For some of us nerdy cougar = ideal woman.


----------



## VanDamMan (Nov 2, 2009)

DitzyDreamer said:


> Hordes? Unless the woman is extremely attractive or has that "it" factor. Otherwise, for some of us plain to ugly women, we'll be walking home alone or be lucky to have one guy *show us any interest*. It's what I would call "the Wall Flower" effect.


Maybe. Understand that this is never the option for guys though. They can't hang back and wait for women to approach them, it won't happen.

I'm willing to bet if you approached guys, initiated the interaction and flirted a bit, you'd snag 90% of the guys you want.


----------



## Ysonesse (Dec 25, 2009)

Lithium4 said:


> For some of us nerdy cougar = ideal woman.


Only if she's a stratospheric smoking uber-hottie, of course. :teeth


----------



## IHeartSteveMcQueen (May 30, 2009)

Ysonesse said:


> Only if she's a stratospheric smoking uber-hottie, of course. :teeth


thats kinda bull**** thinking. I guess its sort of like convincing a man he looks hot with glasses.


----------



## Ysonesse (Dec 25, 2009)

IHeartSteveMcQueen said:


> thats kinda bull**** thinking. I guess its sort of like convincing a man he looks hot with glasses.


From your perspective, I suppose. But from the perspective of a hag, it's true.

Convincing guys they look good with glasses...I have no experience with that problem. Is it that hard, really?


----------



## VanDamMan (Nov 2, 2009)

Cougars don't have to necessarily go for just guys.


Just saying.


----------



## Lithium4 (Nov 23, 2007)

Ysonesse said:


> Only if she's a stratospheric smoking uber-hottie, of course. :teeth


Well, I assume some degree of hotness is implied in cougar.


----------



## IHeartSteveMcQueen (May 30, 2009)

Ysonesse said:


> From your perspective, I suppose. But from the perspective of a hag, it's true.
> 
> Convincing guys they look good with glasses...I have no experience with that problem. Is it that hard, really?

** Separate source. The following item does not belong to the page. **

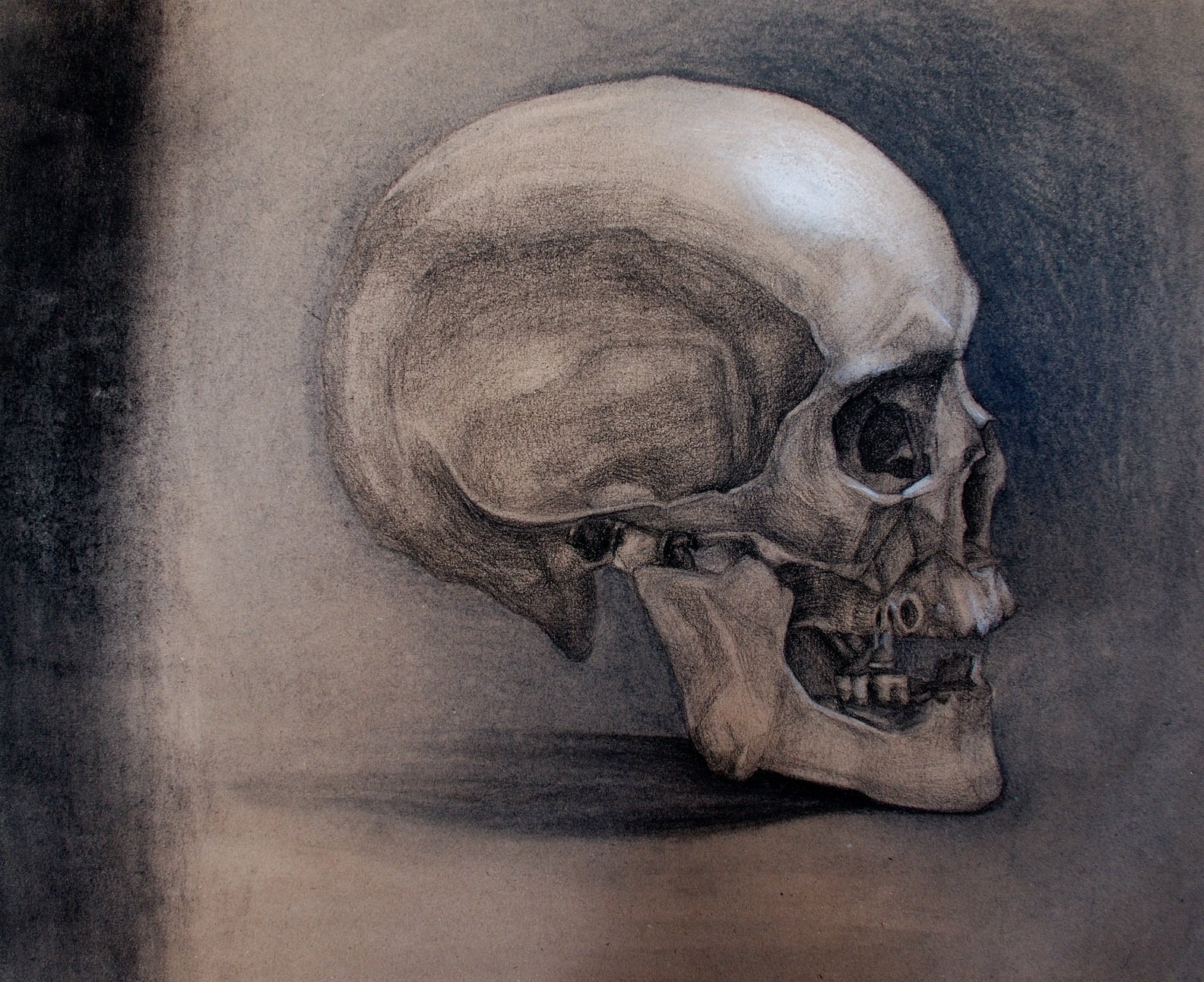 The skull II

uh yeah, like "drop the contacts and wear your glasses" is always met with disbelief and resistance.


----------



## TheJoker (Dec 24, 2009)

JFmtl said:


> Ok, hordes was an huge exageration. First, 95% of the girls calling themselves ugly are not ugly at all (see post your picture thread for exemple)
> And for average to ugly guy like me, who doesnt have much charisma and isn't going to the gym, getting unrequested (positive)attention from the opposite sex is out of the question, it NEVER happens. When I go out, never ever get hit on by women, if I want anything to happen, I have to take initiatives, which I suck at, and even then I end up being striked out very quickly.


:ditto

also:
Who would want a guy to wear glasses rather than contacts?


----------



## EagerMinnow84 (Sep 1, 2007)

IHeartSteveMcQueen said:


> uh yeah, like "drop the contacts and wear your glasses" is always met with disbelief and resistance.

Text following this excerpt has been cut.